My nostalgia for this stretch of time is fierce with movement – Grandma Sophie flipping
pancakes, blueberry picking together, and walking to nearby Thompson Pond to fish after digging
up worms in the compost pile. The expansiveness of these memories is inverse to the time they
occupied, though, because the truth is, I only knew my grandma during her distinct chapter of old
age, which was a timescape that quickly calcified. Her pain worsened, her mobility diminished,
and eventually, Sophie's mind succumbed to dementia.

When I look back on the time between Sophie's growing frailty and the end of her life, I'm
acutely aware of my obliviousness. I remember Sophie sitting next to me, thumbing through
shoeboxes of sepia photos from Lithuania. I can still sense how she craved my curiosity, wanting
nothing more than to tell me stories about her life. But instead of showing up with warmth, even
briefly, I only recall my restlessness.

 It is difficult for me not to be critical of this, especially now with the eyes of a palliative care
physician. As Sophie began to repeat herself in cycles of memory and make-believe, I remember
feeling bored.
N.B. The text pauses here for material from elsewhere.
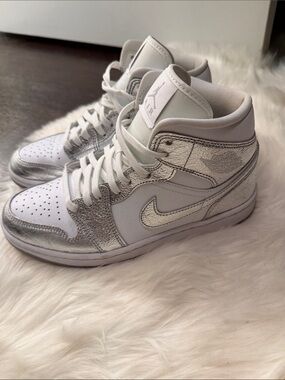 Jordan Women’s Mid-Top Sneakers in White & Silver Metallic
My presence felt like a familial obligation; the bee forced to collect pollen rather
than experience any joy in the choice. I've tried to absolve myself by blaming youth's naivety.
I wasn't deliberately negligent or unloving, but hindsight's forgiveness only gets me so far. I hold
onto my regret like a transgression without atonement. There are things we never got to say.
Questions I never got to ask. Was she proud of me? What did she hope I would become?

In the early 2000s, when I started medical school in Detroit, Grandma Sophie entered her nineties
and became homebound. Beyond pathophysiology and pharmacology, the first-year medical
school curriculum centered on how to take a patient's history. To this day, I still remember details
about some of my patient's lives. A young college student diagnosed with HIV, a man dying of
pancreatic cancer, and a woman with life-threatening asthma. My sole job was to understand their
stories. My evaluation ultimately depended on how much I listened and paid attention.

Sitting with patients opened the door for me to grasp the fundamental need we all have to be seen
and affirmed, especially when faced with serious illness. I learned how much this attending
matters – how presence is a form of honoring. It wasn't until I understood this lesson that I longed
for a relationship with Sophie. I wondered – do I know my patients better than my grandma? But
by then, it was too late. Sophie's mind drowned in neurons with no connection.

In early 2009, I got the call that Grandma Sophie died in a hospital bed in her living room while I
was studying one night at school. The concrete walls closed in on me. My brother Jake and I
drove to Howell together. When we arrived at her house, I robotically sat on the couch, my line of
sight in a daze. My aunts and uncles were there. An old home movie flickered on the living room
TV. I stared at the screen without any real focus as relatives asked if I was okay.

As the film played, images of people swimming caught my eye. One woman in the pool seemed
familiar. She had long blonde hair and wore a baby-blue ruffled swimsuit. She laughed
generously and exuded joy. I was absorbed with her delight. Minutes passed before I realized that
this woman was Grandma Sophie. But this woman was free. She was jubilant, treading water
without care. She called out to the person recording, and although I couldn't hear what she said, I
didn't care. My eyes were fixated on her legs, moving with the ease of waves hitting the shore.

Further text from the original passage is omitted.